■ What this task involves ■
Copy every record verbatim. Leave the pictures out.

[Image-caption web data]
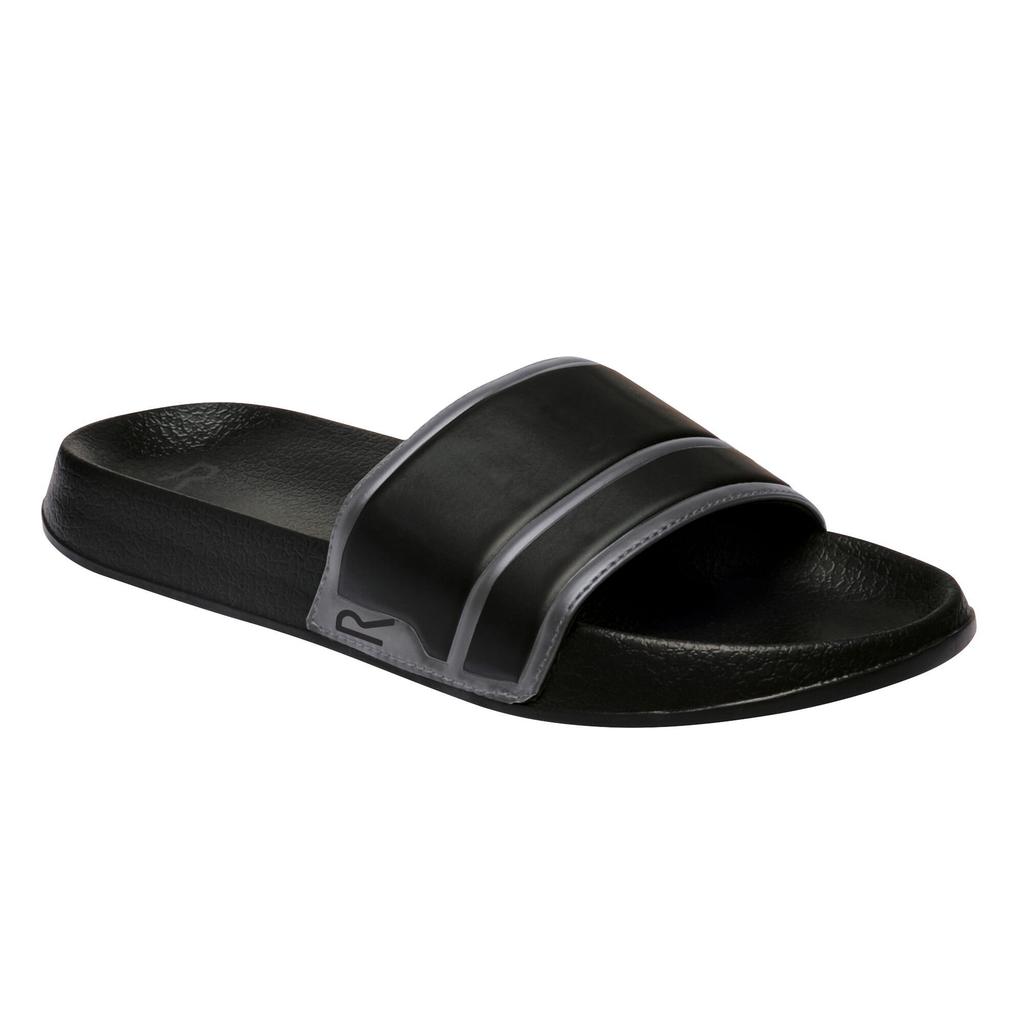 Regatta Mens Shift Slider Sandals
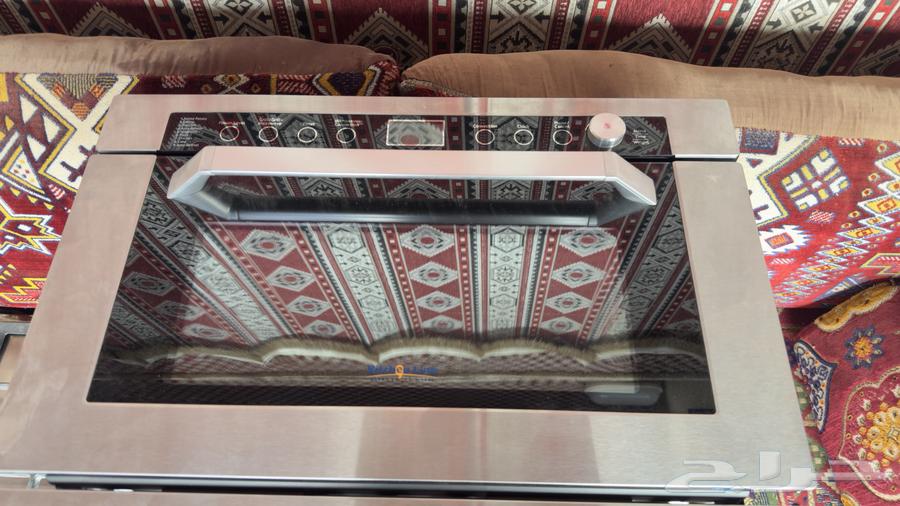 اجهزة جديدة للبيع64453765066370114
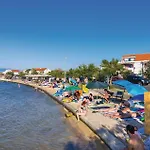 Vakantiehuis Beautiful In *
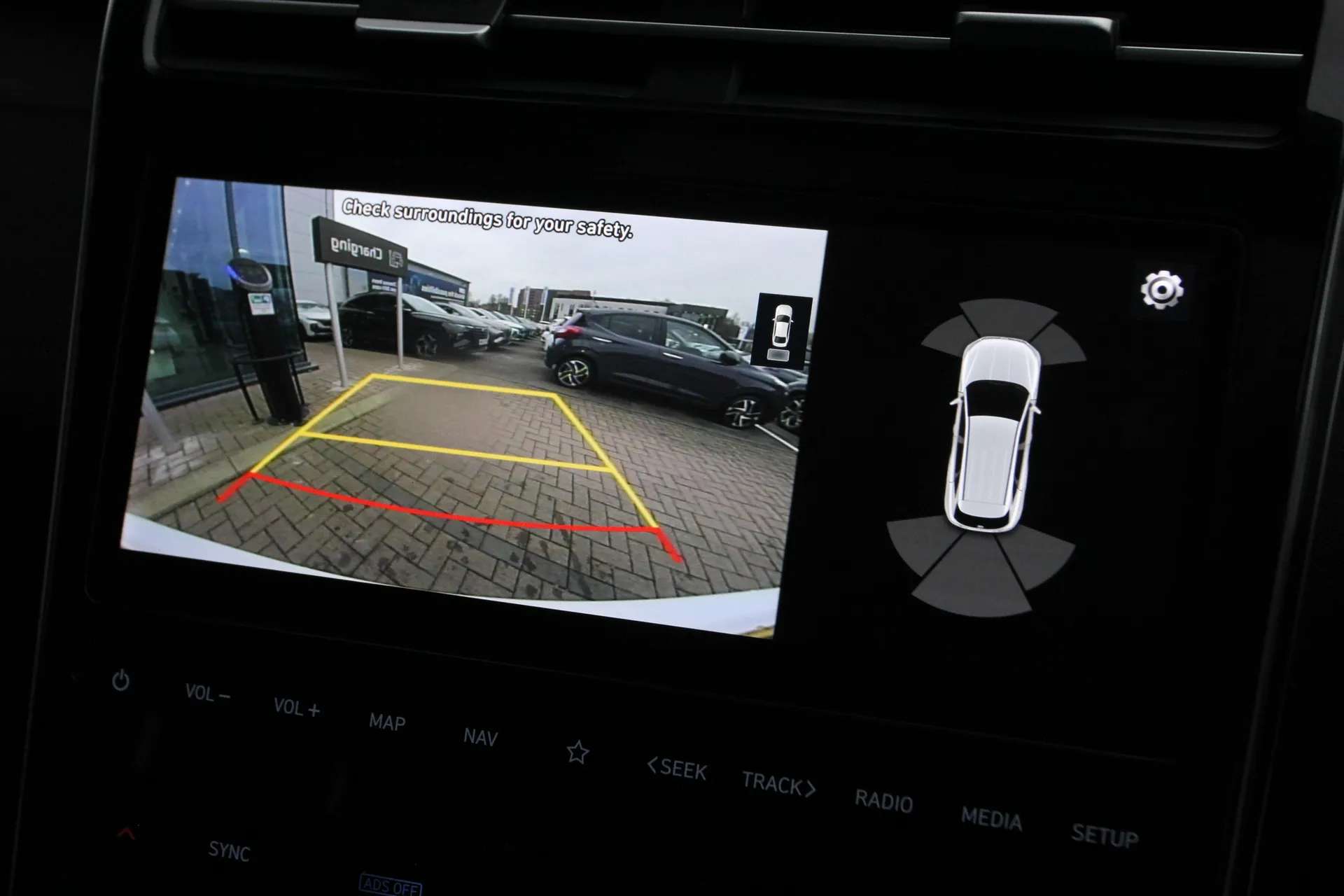 2022 HYUNDAI TUCSON 2022 HYUNDAI TUCSON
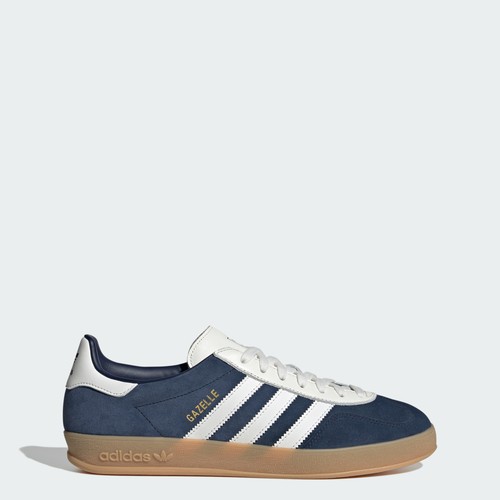 Adidas men gazelle indoor - gazelle,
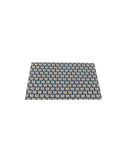 MIMI Ocean Blue - Small Rug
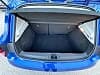 Renault Clio Blue dCi 115 GPS CLIM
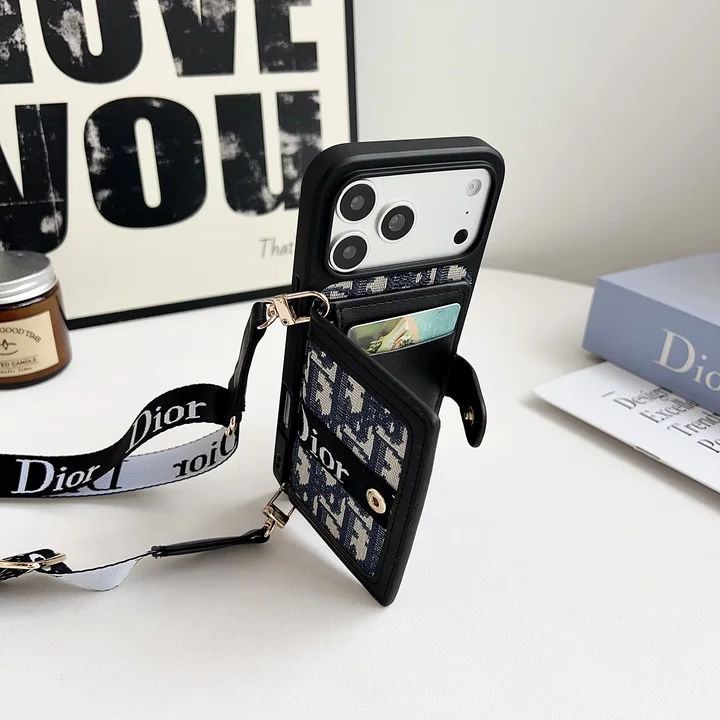ディオール スマホケース アイフォーン 15 pro 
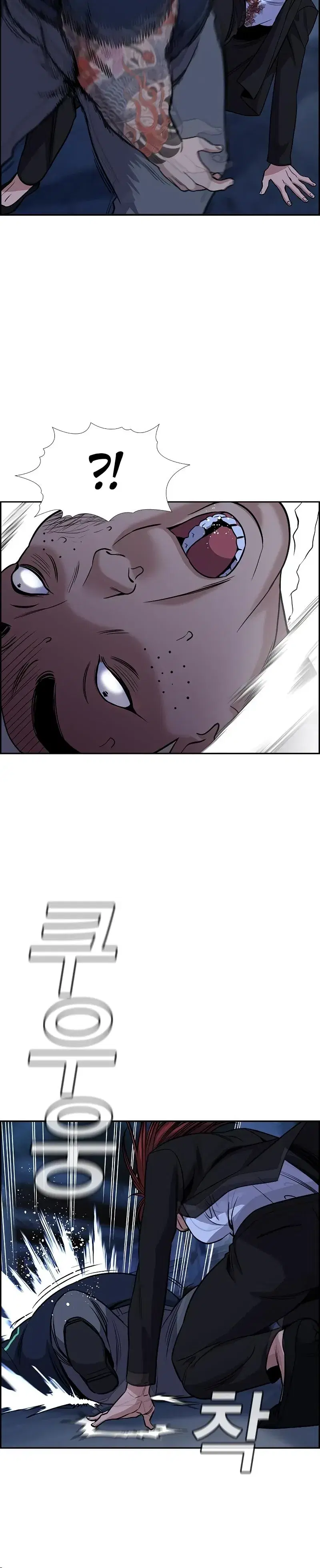 Page 10.001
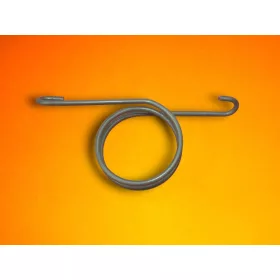 Vagoasztal-feszitorugo-Partner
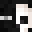vmlg's head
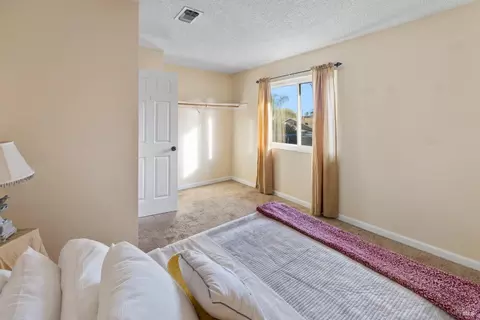 515 Calmace Dr, Dixon, CA 95620 photo 17
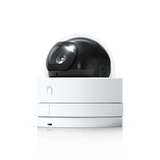 Camaras IP DomoUbiquitiUVC-G5-DOME-ULTRACámara Domo IP 4MP 2K Visión Nocturna IR 20m PoE Interior Ubiquiti UVC - G5 - DOME - ULTRA - SILYMX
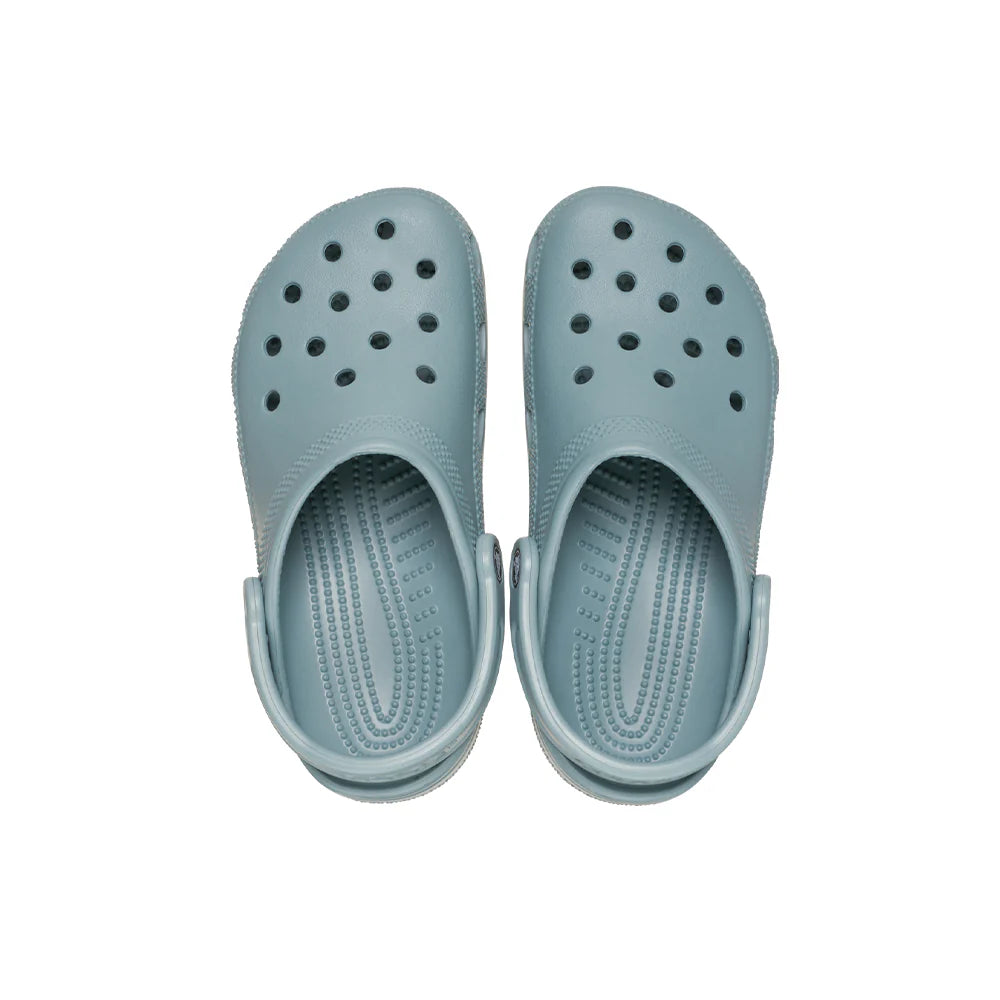 Crocs Classic Clog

■ Result for this exercise ■
 Regatta Mens Shift Slider Sandals
 اجهزة جديدة للبيع64453765066370114
 Vakantiehuis Beautiful In *
 2022 HYUNDAI TUCSON 2022 HYUNDAI TUCSON
 Adidas men gazelle indoor - gazelle,
 MIMI Ocean Blue - Small Rug
 Renault Clio Blue dCi 115 GPS CLIM
ディオール スマホケース アイフォーン 15 pro 
 Page 10.001
 Vagoasztal-feszitorugo-Partner
vmlg's head
 515 Calmace Dr, Dixon, CA 95620 photo 17
 Camaras IP DomoUbiquitiUVC-G5-DOME-ULTRACámara Domo IP 4MP 2K Visión Nocturna IR 20m PoE Interior Ubiquiti UVC - G5 - DOME - ULTRA - SILYMX
 Crocs Classic Clog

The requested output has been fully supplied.